Il y a des révolutions administratives qui s’annoncent dans un fracas historique, et puis il y a celles qui arrivent en silence, au détour d’une circulaire oubliée, mais qui bouleversent tout : l’Algérie a décidé d’entrer dans le XXIᵉ siècle en sauvant les chiens errants.

Dans un pays où les services publics fonctionnent avec une précision intermittente, où les infrastructures peinent à suivre la croissance démographique, et où plusieurs dossiers humains particulièrement sensibles attendent encore un humanisme plus polyvalent, l’administration semble soudain découvrir son âme compassionnelle dans le domaine le plus inattendu, la gestion canine.

Il fallait oser.

Cette conversion tardive à l’humanisme survient à un moment singulier, puisque la libération de Boualem Sansal intervient suite aux bons offices du président allemand Frank-Walter Steinmeier, invoqués pour des motifs humanitaires. Les chiens errants, eux, n’ont pas eu besoin de médiation européenne, ce qui pourrait inciter à croire que, dans la hiérarchie de la compassion, l’animal progresse parfois plus vite que le citoyen qui parle trop fort.

D’un trait de plume, le ministre de l’agriculture et du développement rural ordonne donc la fin brutale de la brutalité. Plus de tirs intempestifs, plus de campagnes improvisées, plus de pratiques « qui nuisent à l’image du pays ». On en viendrait presque à croire que les animaux errants sont devenus les ambassadeurs officiels de l’Algérie à l’international.

Le texte ministériel invoque fièrement les normes mondiales, la dignité, la protection de la vie, et même la sensibilité des citoyens. Une rhétorique d’une modernité éclatante — si l’on choisit soigneusement où poser son regard.

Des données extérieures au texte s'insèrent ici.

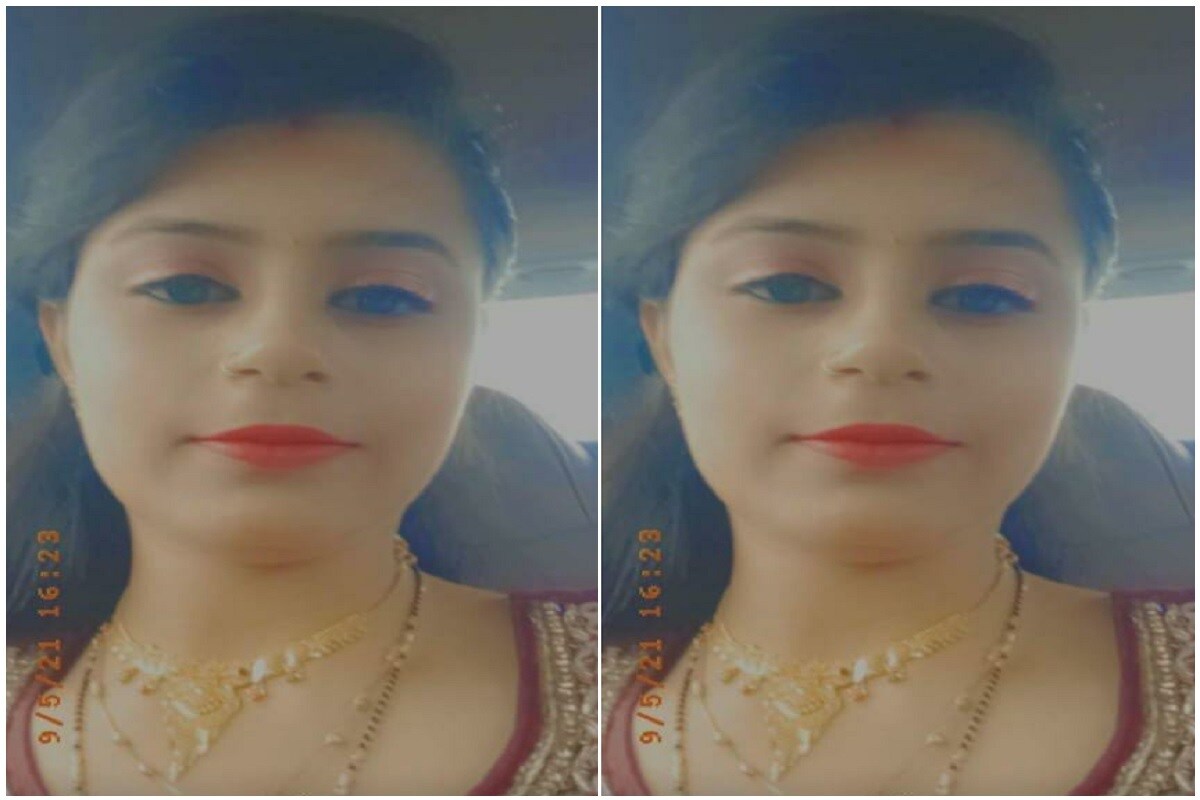 સિંધી સમાજની દીકરીને જે લોકો દ્વારા ઢોરમાર મારવામાં આવ્યો છે. તે તમામ લોકો વિરુદ્ધ પોલીસ ફરિયાદ નોંધાઇ તેમજ તાત્કાલિક અસરથી તમામની ધરપકડ થાય જેથી પીડિત પરિવારને ન્યાય મળે તે પ્રકારની માંગ પીએમ રૂમ ખાતે એકઠા થયેલા સિંધી સમાજના લોકોએ કરી હતી. ત્યારે ગણતરીની જ કલાકોમાં ગોંડલ સિટી પોલીસ દ્વારા મૃતક ભાવિકા શર્માના સાસરિયાઓ વિરુદ્ધ ગુનો નોંધી તપાસ હાથ ધરવામાં આવી છે. સિંધી સમાજની દીકરીને જે લોકો દ્વારા ઢોરમાર મારવામાં આવ્યો છે. તે તમામ લોકો વિરુદ્ધ પોલીસ ફરિયાદ નોંધાઇ તેમજ તાત્કાલિક અસરથી તમામની ધરપકડ થાય જેથી પીડિત પરિવારને ન્યાય મળે તે પ્રકારની માંગ પીએમ રૂમ ખાતે એકઠા થયેલા સિંધી સમાજના લોકોએ કરી હતી. ત્યારે ગણતરીની જ કલાકોમાં ગોંડલ સિટી પોલીસ દ્વારા મૃતક ભાવિકા શર્માના સાસરિયાઓ વિરુદ્ધ ગુનો નોંધી તપાસ હાથ ધરવામાં આવી છે.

Car dans le même pays, d’autres normalisations internationales attendent encore patiemment leur tour, qu’il s’agisse de la transparence judiciaire, de la protection du droit à l’expression, des standards relatifs à la détention ou, plus largement, de l’attention portée à une partie de la population dont la liberté d’opinion ne reçoit pas toujours la même tendresse institutionnelle qu’un chiot égaré à Mascara.

Il faut reconnaître au dispositif un professionnalisme admirable, avec un système d’information centralisé, des centres spécialisés, des équipes vétérinaires, des protocoles sanitaires et une coopération interministérielle. L’effort est réel, coordonné et ambitieux.

On rêverait presque que la même machine administrative se mette en branle pour des sujets plus humains. Mais la bureaucratie, comme la nature, a ses mystères, certaines urgences mobilisent immédiatement tandis que d’autres semblent souffrir d’un déficit chronique d’affect. Peut-être faut-il comprendre que dans une époque tumultueuse, se tourner vers les chiens errants offre une victoire facile, ils ne protestent pas, ne manifestent pas, ne publient aucun communiqué sur Facebook.

Bien sûr, le nouveau dispositif est utile, rationnel et sanitaire. Il réduira les risques de rage, modernisera la gestion urbaine, et harmonisera l’action des collectivités. Objectivement, c’est une bonne politique publique.

Mais politiquement, le contraste est difficile à ignorer. Le pays n’a toujours pas tranché certaines tensions internes, ni clarifié sa doctrine sur la liberté d’expression. Pour ces débats-là, l’administration semble nettement moins encline à publier des circulaires fleuries d’élans humanistes.

Dans certains États, l’éthique fonctionne comme un projecteur capricieux, elle surexpose ce qui arrange et plonge le reste dans une nuit commode.

L’Algérie n’est pas le premier pays où la compassion administrative choisit ses priorités avec une sensibilité ciblée. Mais l’ironie demeure difficile à dissimuler, lorsque les politiques les plus ambitieuses s’appliquent aux animaux errants plutôt qu’aux citoyens bruyants, cela exprime moins une affection pour les bêtes qu’une inquiétude face aux humains.

Il ne reste qu’à espérer que la prochaine circulaire élargira la zone d’affection. Car un humanisme qui ne s’exerce que sur quatre pattes n’est, au fond, qu’une politique publique qui marche à moitié.